## Exercise description
Please set down every entry again exactly as it stands, without the pictures.

## Extracted information
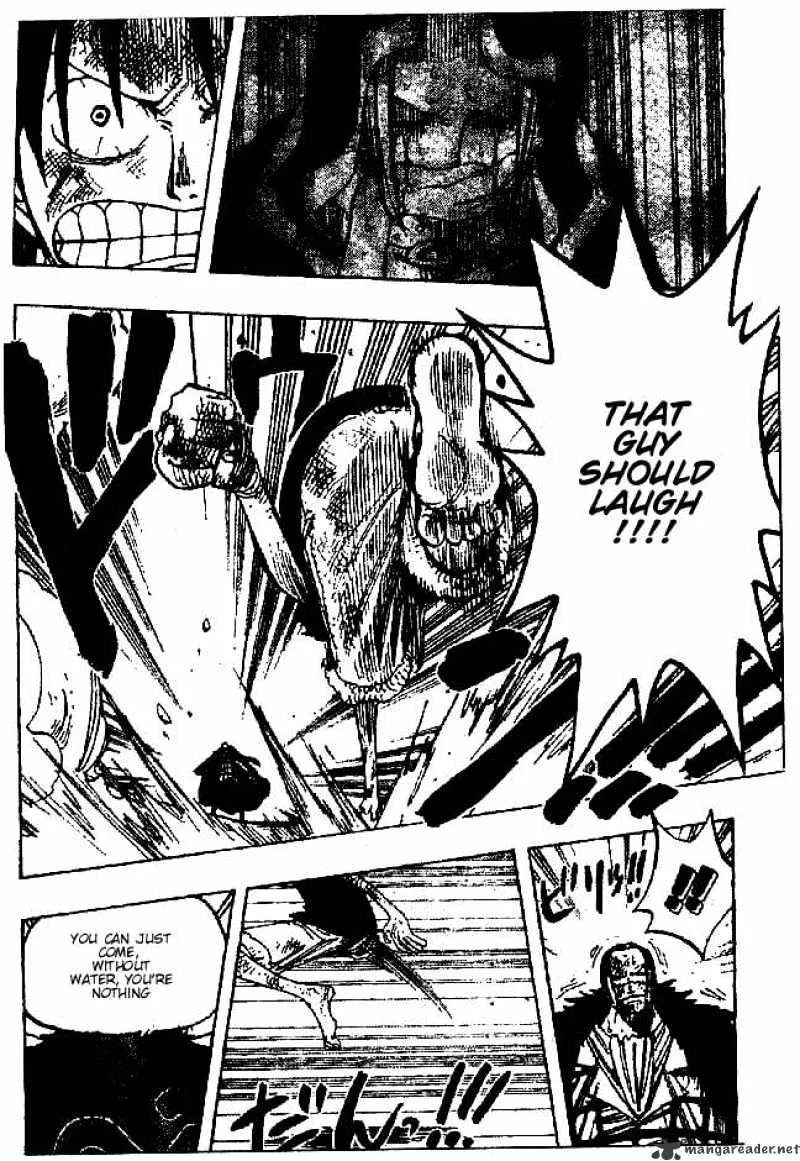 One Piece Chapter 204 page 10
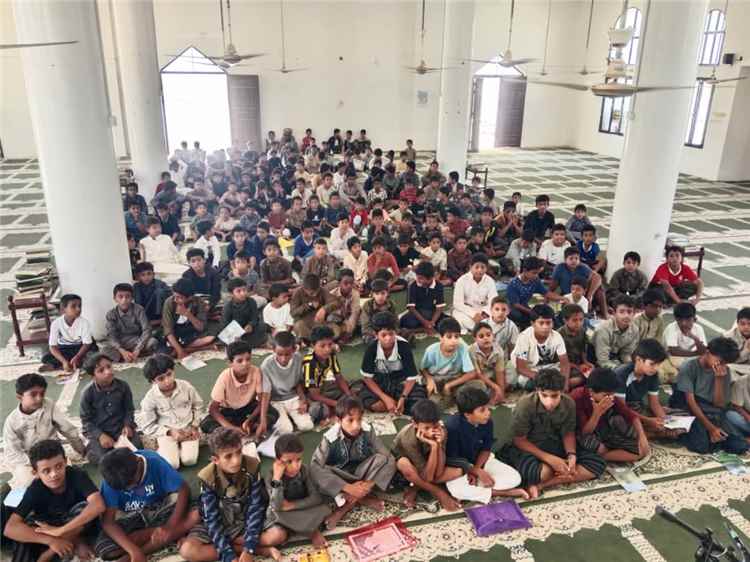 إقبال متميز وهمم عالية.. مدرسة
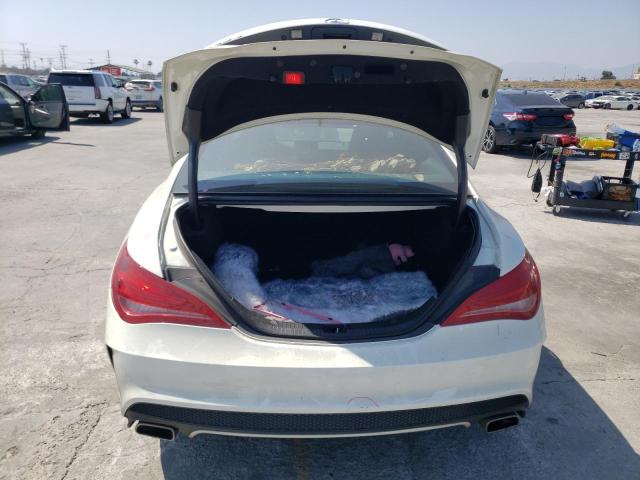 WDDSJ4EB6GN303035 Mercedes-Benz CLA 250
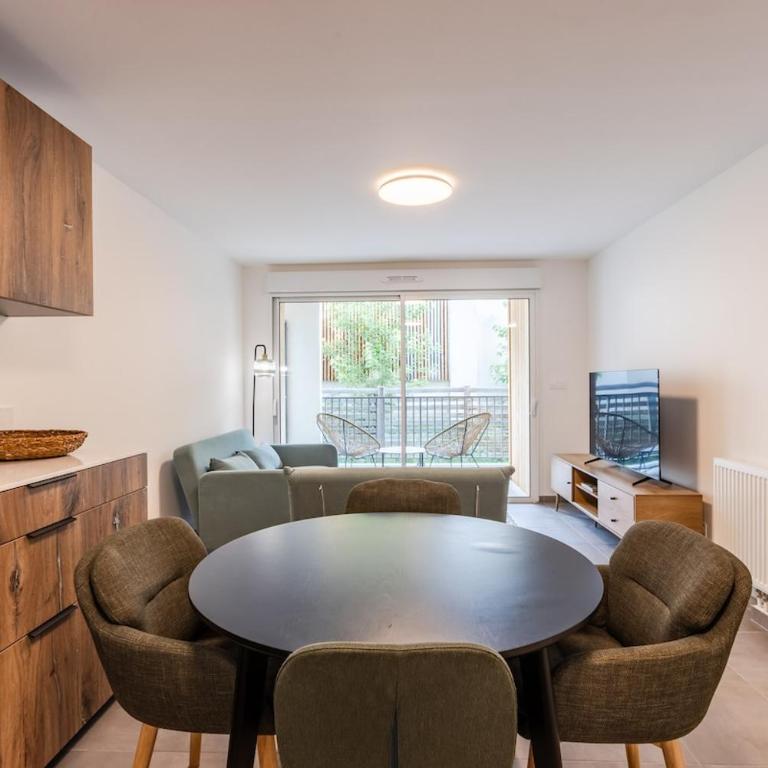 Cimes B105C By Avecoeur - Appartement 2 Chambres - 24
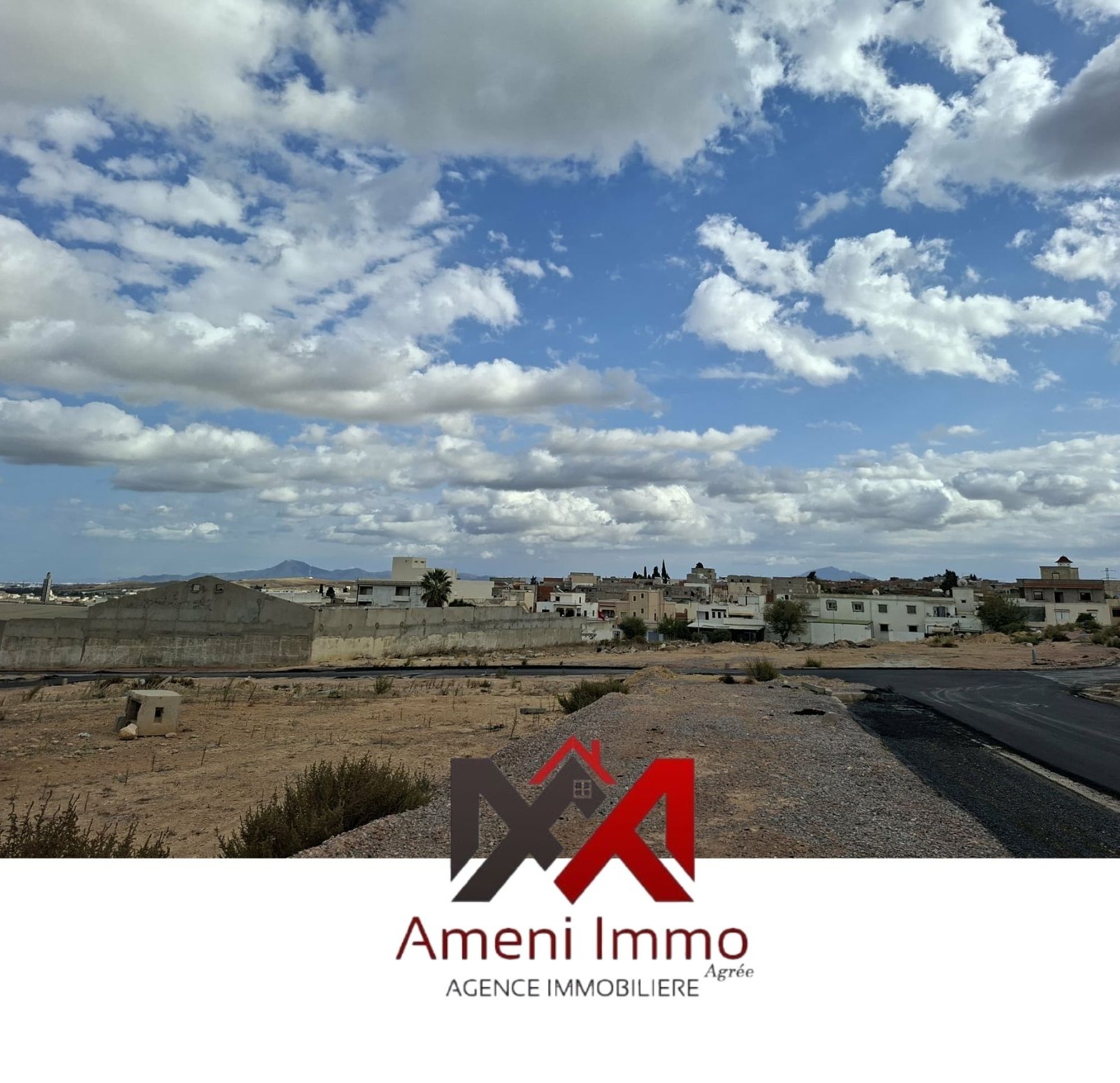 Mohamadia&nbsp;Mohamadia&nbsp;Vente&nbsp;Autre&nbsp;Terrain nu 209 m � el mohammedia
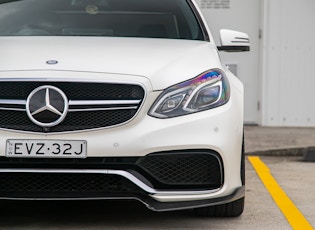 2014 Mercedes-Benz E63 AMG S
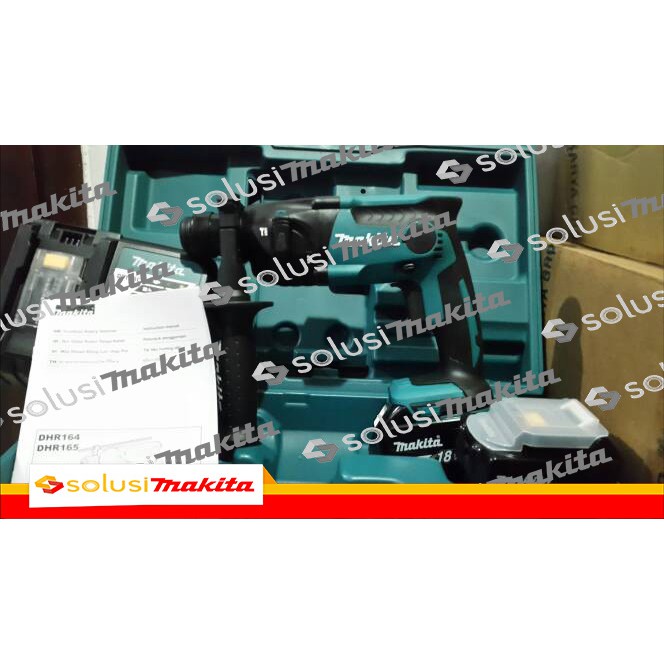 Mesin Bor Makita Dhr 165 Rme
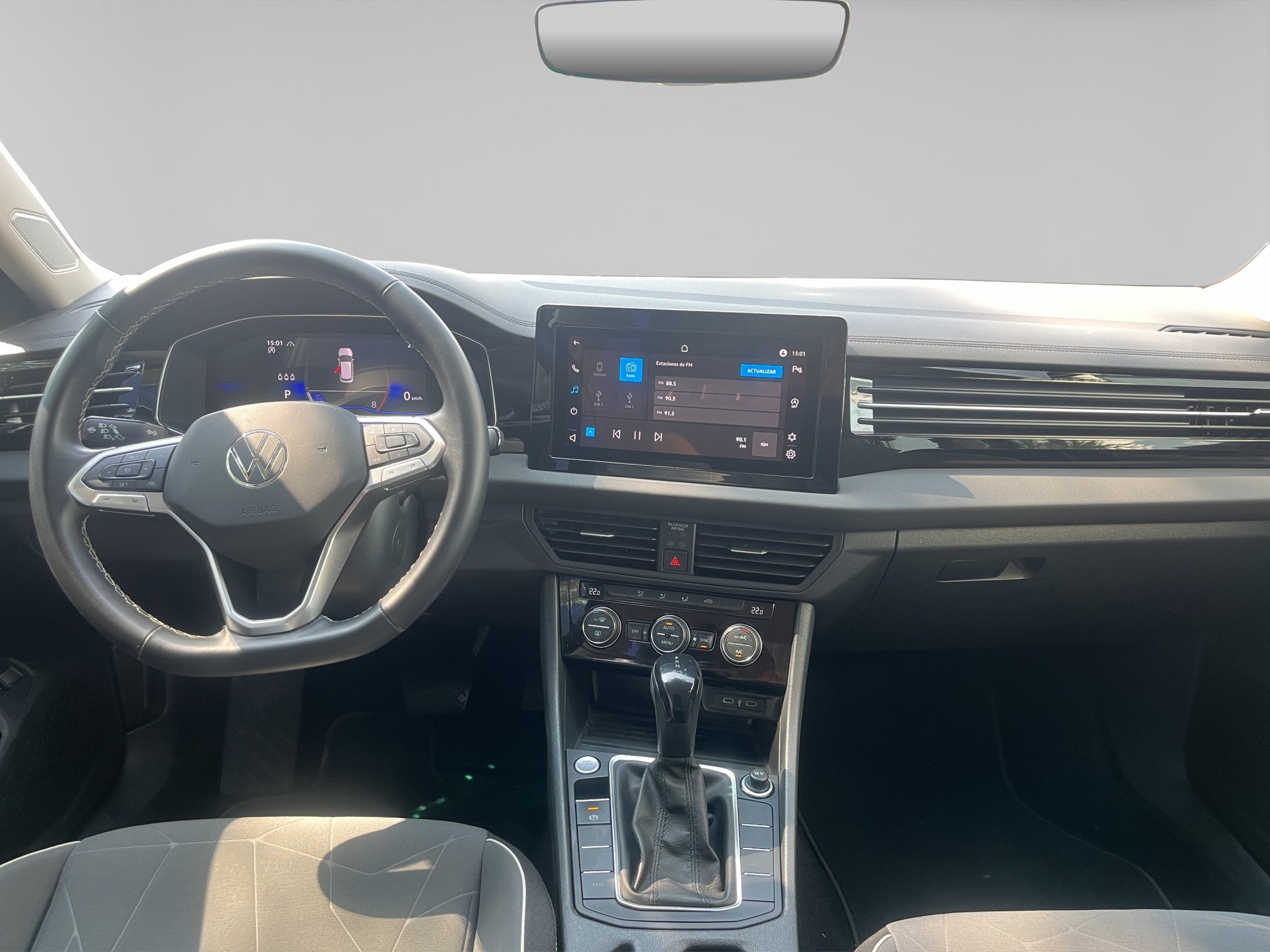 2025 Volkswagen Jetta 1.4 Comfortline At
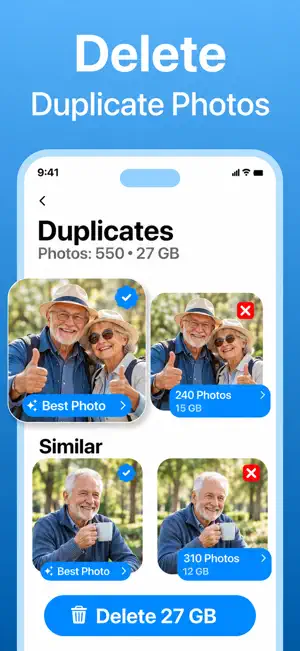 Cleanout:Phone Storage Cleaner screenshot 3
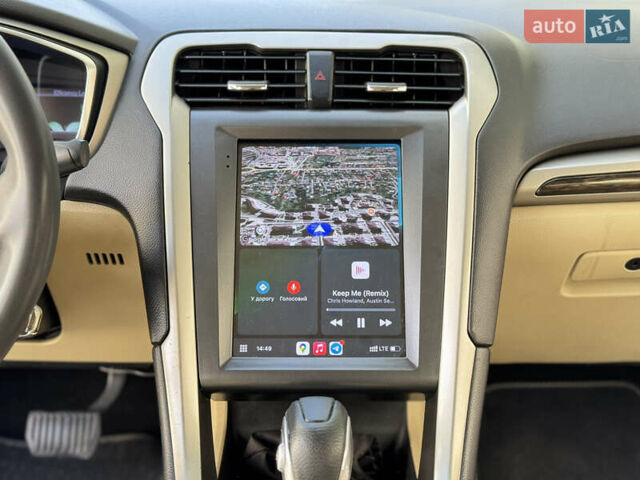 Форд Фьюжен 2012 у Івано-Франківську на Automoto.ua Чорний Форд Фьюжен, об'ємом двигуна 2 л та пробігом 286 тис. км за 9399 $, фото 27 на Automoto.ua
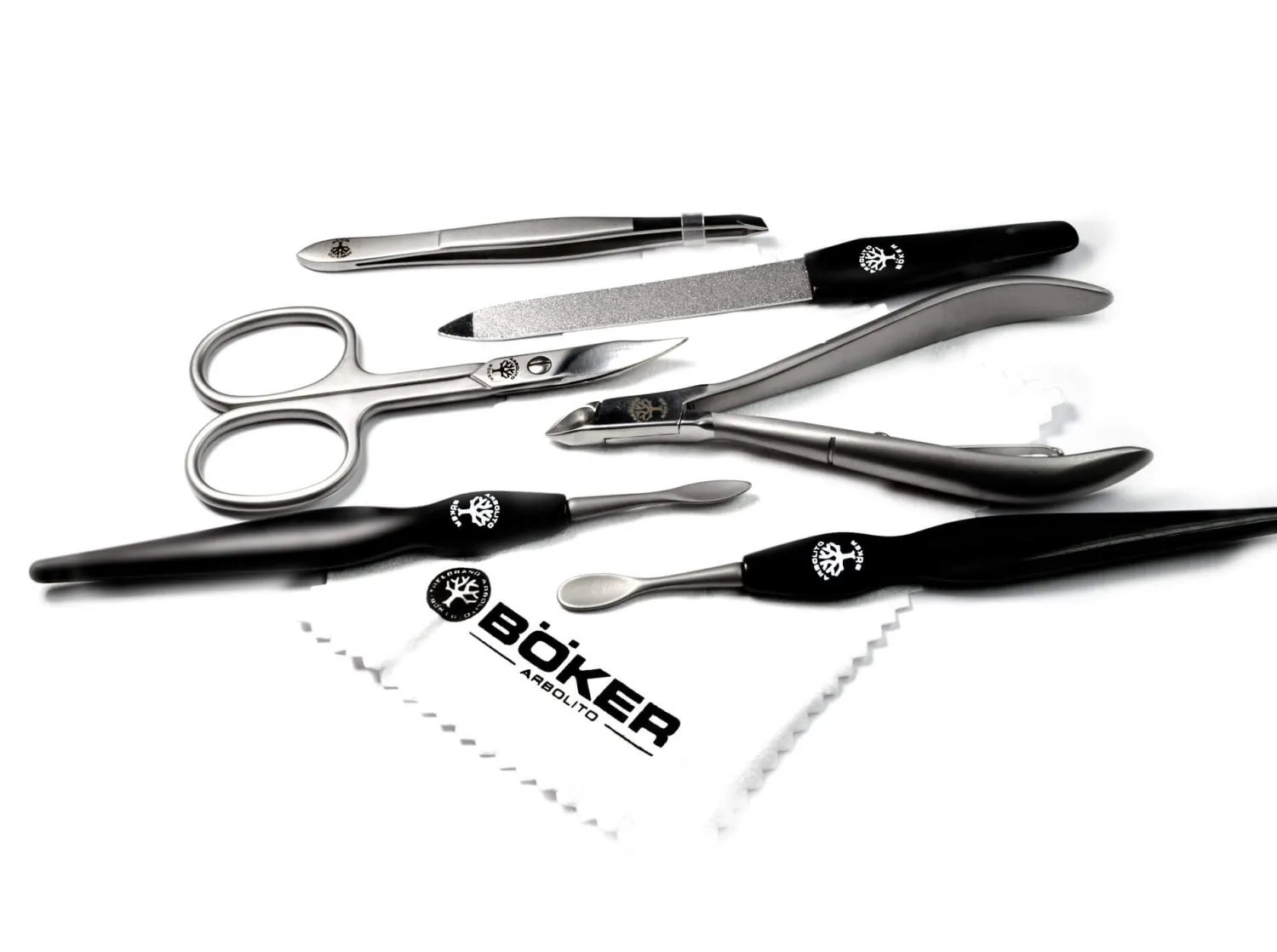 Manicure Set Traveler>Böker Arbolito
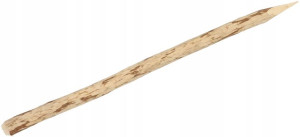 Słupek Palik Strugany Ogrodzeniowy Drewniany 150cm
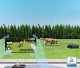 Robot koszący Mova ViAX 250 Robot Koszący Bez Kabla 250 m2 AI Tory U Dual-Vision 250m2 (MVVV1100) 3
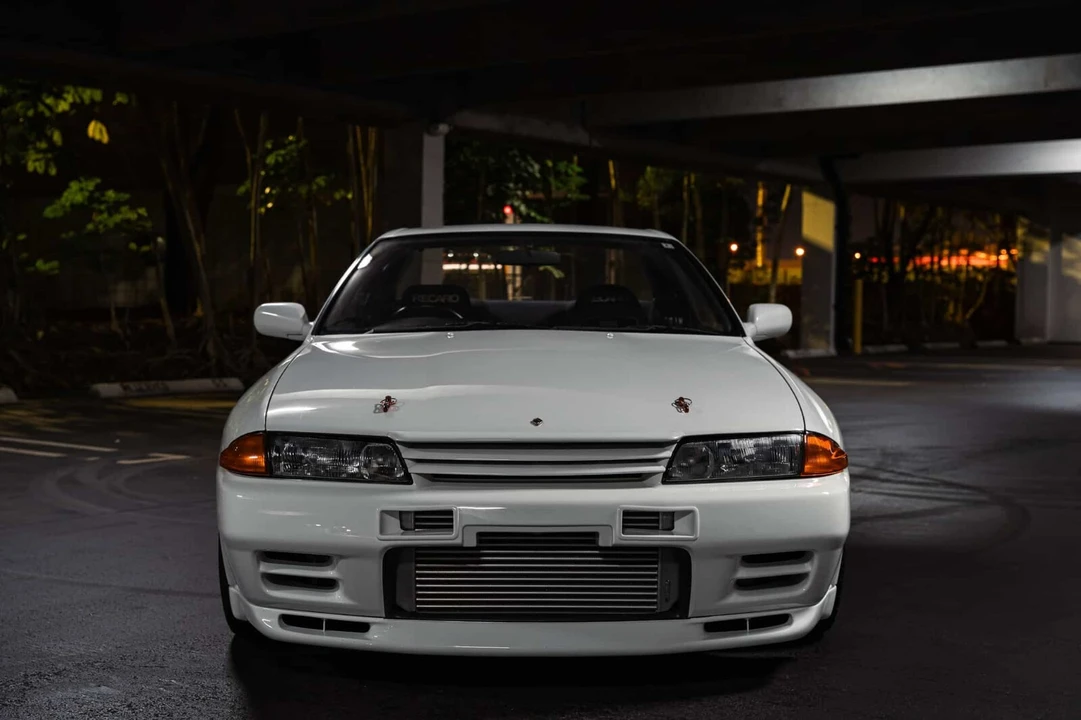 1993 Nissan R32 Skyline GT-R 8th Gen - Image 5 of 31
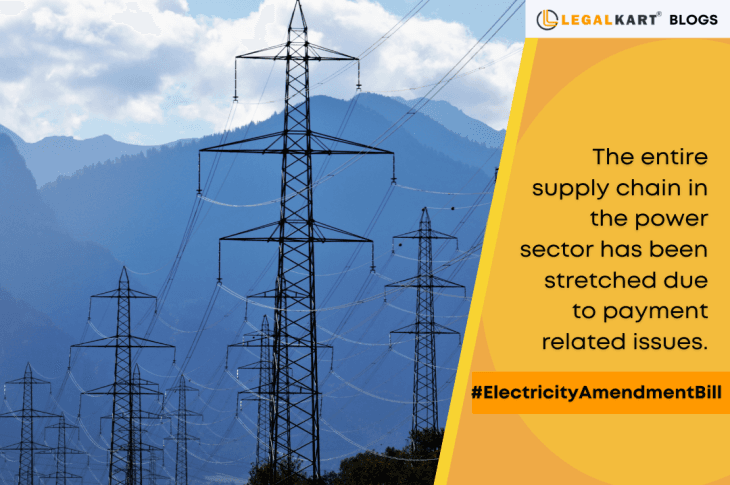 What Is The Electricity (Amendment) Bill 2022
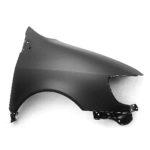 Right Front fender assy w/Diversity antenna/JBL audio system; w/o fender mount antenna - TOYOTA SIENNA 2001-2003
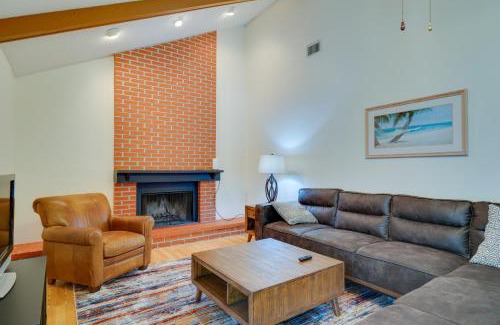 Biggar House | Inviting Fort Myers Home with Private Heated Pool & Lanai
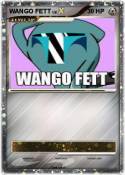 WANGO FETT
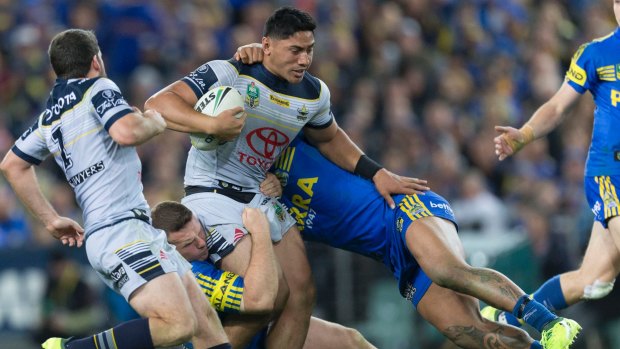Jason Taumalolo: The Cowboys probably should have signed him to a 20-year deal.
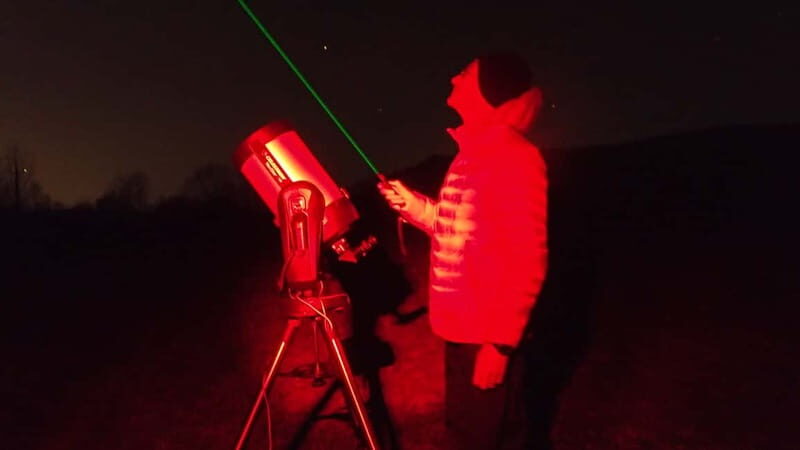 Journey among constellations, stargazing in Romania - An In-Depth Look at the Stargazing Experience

## Exercise answer
 One Piece Chapter 204 page 10
 إقبال متميز وهمم عالية.. مدرسة
 WDDSJ4EB6GN303035 Mercedes-Benz CLA 250
 Cimes B105C By Avecoeur - Appartement 2 Chambres - 24
 Mohamadia&nbsp;Mohamadia&nbsp;Vente&nbsp;Autre&nbsp;Terrain nu 209 m � el mohammedia
 2014 Mercedes-Benz E63 AMG S
 Mesin Bor Makita Dhr 165 Rme
 2025 Volkswagen Jetta 1.4 Comfortline At
 Cleanout:Phone Storage Cleaner screenshot 3
 Форд Фьюжен 2012 у Івано-Франківську на Automoto.ua Чорний Форд Фьюжен, об'ємом двигуна 2 л та пробігом 286 тис. км за 9399 $, фото 27 на Automoto.ua
 Manicure Set Traveler>Böker Arbolito
 Słupek Palik Strugany Ogrodzeniowy Drewniany 150cm
 Robot koszący Mova ViAX 250 Robot Koszący Bez Kabla 250 m2 AI Tory U Dual-Vision 250m2 (MVVV1100) 3
 1993 Nissan R32 Skyline GT-R 8th Gen - Image 5 of 31
 What Is The Electricity (Amendment) Bill 2022
 Right Front fender assy w/Diversity antenna/JBL audio system; w/o fender mount antenna - TOYOTA SIENNA 2001-2003
 Biggar House | Inviting Fort Myers Home with Private Heated Pool & Lanai
 WANGO FETT
Jason Taumalolo: The Cowboys probably should have signed him to a 20-year deal.
 Journey among constellations, stargazing in Romania - An In-Depth Look at the Stargazing Experience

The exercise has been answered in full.